Undoubtedly, she suffered dark periods. Abandoned after the death of her mother by an indifferent and philandering father, she found herself in an orphanage run by cold-hearted nuns. She had days of clutching her rumbling stomach, on the brink of starvation, before she’d even entered her teens. She then went from convent to cabaret when she became a circus singer and performer for sometimes abusive crowds. Then later, of course, came the trauma of the Second World War, when the swastika was flaunted atop the Eiffel Tower and France was under siege – an era when Chanel felt compelled to consort with her country’s arch enemies in order to survive.
ONE OF THE BOYS
Yet sandwiched between these harrowing scenes were the golden years of a fashion icon in Paris. It began when her performances as a cabaret chanteuse caught the eye of Étienne Balsan, a wealthy textile business heir. In 1907 he whisked the 23-year-old to Château de Royallieu, his country abode near Paris – later an internment camp before being destroyed altogether in WWII – and the pair began an affair. He agreed to finance a millinery business venture and soon she’d commandeered his bachelor pad in the capital, turning one floor into a hat boutique.
In those days – unusually for a budding fashionista – Chanel defied convention and turned gender norms and “oppressive” expectations of elegance upside down. With an unapologetically short bob, a cigarette perpetually hanging from the corner of her mouth and masculine clothes designed purely for comfort, she catapulted her way into high society as “one of the boys”. Playing polo alongside Balsan and his male friends – then an unthinkable pursuit for a woman – Chanel cared not for traditional gender roles. Not only did she often dress exactly like her male lover, but she even modelled her hats on the polo helmets he donned.
Later, she romanced his friend, British aristocrat Arthur Capel, and left Balsan to be with him. Balsan continued to bankroll and care for her, but she had fallen in love with another man – and he was equally mesmerised. In an era when many women were tied down with tightly strung corsets and weighty petticoats, it was refreshing for Capel to date a woman who dressed casually, doubling as a companion for sport or nights out on the town. She even wore men’s shirts and ties beside him. During the pair’s almost decade-long relationship, Capel financed further shops for her, including in Paris, Deauville and Biarritz.
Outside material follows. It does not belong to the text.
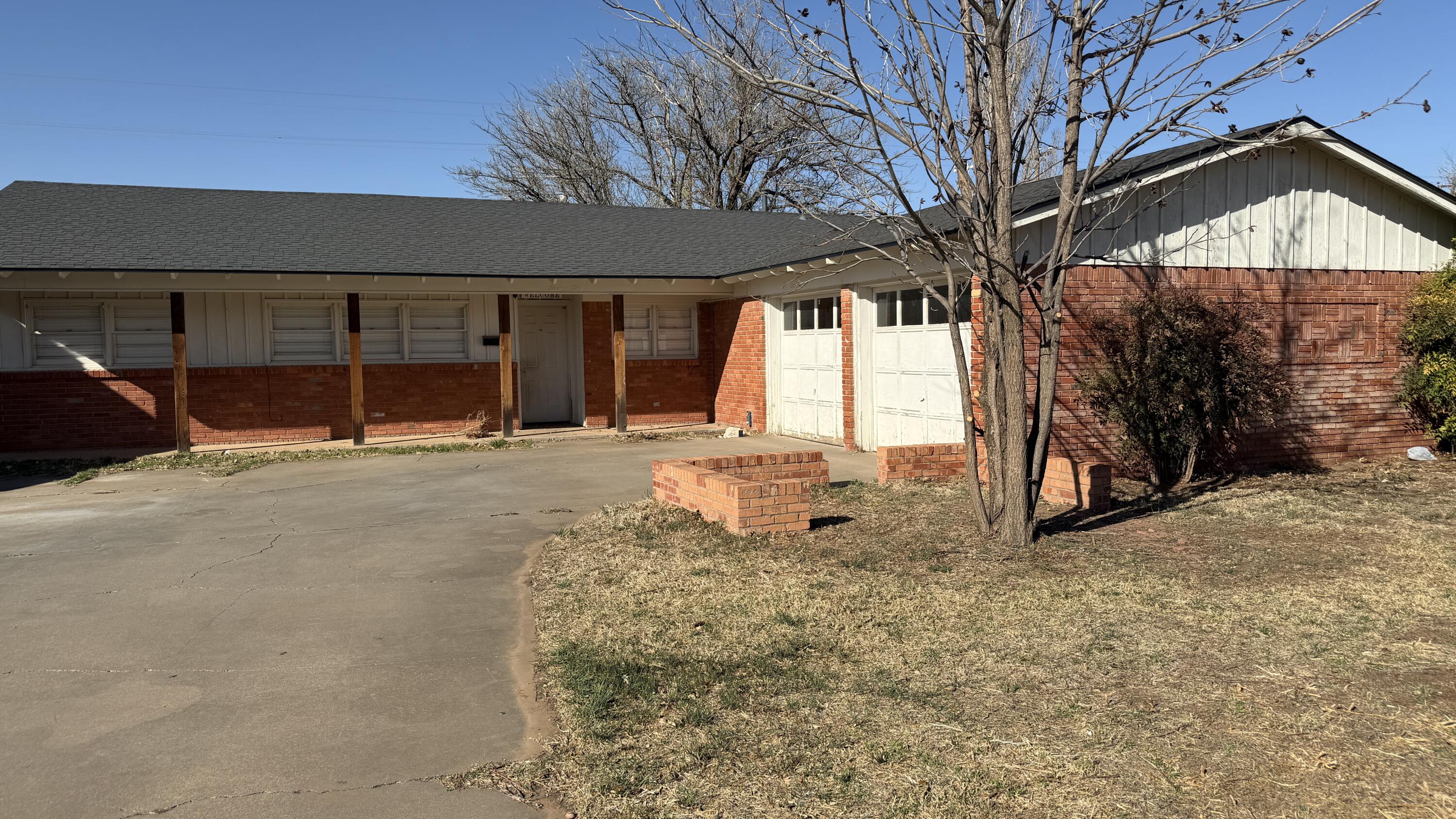 2010 52nd Street Lubbock, TX 79412 - Photo 1 of 13 a view of a backyard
She was broken-hearted when the aristocrat, obliged to marry into a family of similar standing, left her for Lady Diana Wyndham. Although she outwardly appeared to move on, even flaunting relationships with Russian royalty, she never got over the “only” love of her life and, after his death in a car accident in 1919, she was inconsolable. Despite her grief, in a stroke of bittersweet synchronicity, this was the moment when her career truly took off. “Either I die as well,” she resolved, “or I finish what we started together.”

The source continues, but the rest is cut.